Do not EVER underestimate a cheater. I made that mistake too. Once. Do not learn the hard way like I did.


----------



## MattMatt (May 19, 2012)

Why? Because he abused your trust and broke it.


----------



## commonsenseisn't (Aug 13, 2014)

Mapper said:


> Earlier this year and for the past several years my husband kept contacting his ex girlfriend
> 
> Some days he just wasted time at breakfast somewhere for a few hours until I left for work and then came home and when I got home that afternoon he acted like he had been at work.
> 
> but I just can't get myself to believe it.


And for good reason you can't believe it!

He has a history of dishonesty and cheating for YEARS.

Do you really think someone reverses that behavior pattern in MONTHS? 

Betrayed spouses who are experienced in dealing with your type of situation take years or even a lifetime to get the trust back because cheaters are so notorious for repeating that behavior. 

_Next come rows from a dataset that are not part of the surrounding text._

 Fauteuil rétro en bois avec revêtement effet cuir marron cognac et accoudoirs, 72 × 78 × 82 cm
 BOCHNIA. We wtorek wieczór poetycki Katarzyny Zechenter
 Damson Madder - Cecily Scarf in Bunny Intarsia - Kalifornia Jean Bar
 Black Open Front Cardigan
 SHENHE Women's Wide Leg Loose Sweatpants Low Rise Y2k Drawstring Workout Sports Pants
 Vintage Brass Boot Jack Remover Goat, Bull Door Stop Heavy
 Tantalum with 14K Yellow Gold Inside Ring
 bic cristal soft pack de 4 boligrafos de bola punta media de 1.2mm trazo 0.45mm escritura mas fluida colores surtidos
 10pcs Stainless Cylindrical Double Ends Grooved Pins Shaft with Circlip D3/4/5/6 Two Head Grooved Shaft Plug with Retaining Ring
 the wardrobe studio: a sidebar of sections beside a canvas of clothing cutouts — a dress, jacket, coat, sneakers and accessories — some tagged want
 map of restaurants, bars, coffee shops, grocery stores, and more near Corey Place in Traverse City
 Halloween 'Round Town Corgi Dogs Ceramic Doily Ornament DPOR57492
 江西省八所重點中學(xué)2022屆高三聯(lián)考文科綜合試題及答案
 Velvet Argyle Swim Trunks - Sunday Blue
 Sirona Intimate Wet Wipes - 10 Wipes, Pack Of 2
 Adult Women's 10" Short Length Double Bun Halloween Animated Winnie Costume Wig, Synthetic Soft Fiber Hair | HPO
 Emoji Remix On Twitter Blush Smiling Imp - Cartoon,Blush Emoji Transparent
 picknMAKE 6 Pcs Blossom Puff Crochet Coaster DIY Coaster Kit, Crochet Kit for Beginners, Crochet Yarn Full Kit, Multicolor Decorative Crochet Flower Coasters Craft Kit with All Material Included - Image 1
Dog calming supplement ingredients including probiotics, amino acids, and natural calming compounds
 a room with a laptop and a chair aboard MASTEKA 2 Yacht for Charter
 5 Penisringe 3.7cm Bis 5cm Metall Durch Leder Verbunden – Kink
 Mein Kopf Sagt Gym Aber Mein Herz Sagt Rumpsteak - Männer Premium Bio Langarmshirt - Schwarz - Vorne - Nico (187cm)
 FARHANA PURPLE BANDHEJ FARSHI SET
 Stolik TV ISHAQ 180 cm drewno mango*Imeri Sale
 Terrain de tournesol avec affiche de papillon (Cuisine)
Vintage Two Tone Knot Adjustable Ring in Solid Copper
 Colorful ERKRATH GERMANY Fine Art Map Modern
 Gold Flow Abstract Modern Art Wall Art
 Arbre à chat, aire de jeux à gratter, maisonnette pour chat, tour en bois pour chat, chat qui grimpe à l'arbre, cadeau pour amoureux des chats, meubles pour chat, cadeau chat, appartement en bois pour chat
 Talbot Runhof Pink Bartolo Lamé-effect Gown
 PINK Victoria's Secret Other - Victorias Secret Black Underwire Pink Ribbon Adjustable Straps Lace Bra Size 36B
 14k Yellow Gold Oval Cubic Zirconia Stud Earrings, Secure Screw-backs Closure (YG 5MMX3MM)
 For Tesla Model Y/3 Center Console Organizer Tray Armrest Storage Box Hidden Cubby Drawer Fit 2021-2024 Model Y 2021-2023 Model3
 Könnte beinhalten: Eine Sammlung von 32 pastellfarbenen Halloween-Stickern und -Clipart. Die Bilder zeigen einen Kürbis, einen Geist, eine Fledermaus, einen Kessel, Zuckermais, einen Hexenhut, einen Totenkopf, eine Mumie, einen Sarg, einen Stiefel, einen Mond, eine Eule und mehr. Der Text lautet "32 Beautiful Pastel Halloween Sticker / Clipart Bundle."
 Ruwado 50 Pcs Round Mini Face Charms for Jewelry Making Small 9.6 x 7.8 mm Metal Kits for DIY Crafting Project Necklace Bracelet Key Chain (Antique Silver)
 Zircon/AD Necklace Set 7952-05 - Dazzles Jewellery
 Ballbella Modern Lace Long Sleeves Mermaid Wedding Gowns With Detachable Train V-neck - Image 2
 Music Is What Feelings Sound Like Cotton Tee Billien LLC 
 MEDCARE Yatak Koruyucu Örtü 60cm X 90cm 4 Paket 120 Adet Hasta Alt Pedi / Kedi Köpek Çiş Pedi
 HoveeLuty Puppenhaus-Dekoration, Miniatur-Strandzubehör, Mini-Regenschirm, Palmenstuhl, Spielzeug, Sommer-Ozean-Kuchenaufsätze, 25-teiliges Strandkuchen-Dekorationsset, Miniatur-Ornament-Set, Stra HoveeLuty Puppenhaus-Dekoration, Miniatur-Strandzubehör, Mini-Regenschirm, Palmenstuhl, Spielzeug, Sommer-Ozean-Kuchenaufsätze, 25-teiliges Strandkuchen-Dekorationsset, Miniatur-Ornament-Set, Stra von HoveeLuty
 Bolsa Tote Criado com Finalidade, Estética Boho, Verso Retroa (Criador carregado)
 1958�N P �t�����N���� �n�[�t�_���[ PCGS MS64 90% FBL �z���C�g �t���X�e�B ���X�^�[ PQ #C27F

It could very well be that the reason he left no electronic evidence was because he was FACE TO FACE with her. 

Beware.


----------



## sammy3 (Jun 5, 2011)

I know I will never trust my h again, even when he tells me he's going to home depot, will be back in an hour and comes back w a home depot bag. I can no longer even trust what my gut may be saying is true or not anymore when it comes to my h. 

Once trust so deep is broken by someone we loved so much, I dont think it ever is easily given back, we are always on guard. 

~sammy


----------



## Openminded (Feb 21, 2013)

I remember your other threads. As I recall he's never exactly been trustworthy and yet you said you would never divorce him. Now he's not been untrustworthy that you know of for a month or less and you are wondering why you don't trust him? Because it's too soon. Maybe after a year you could ask that question but not now.


----------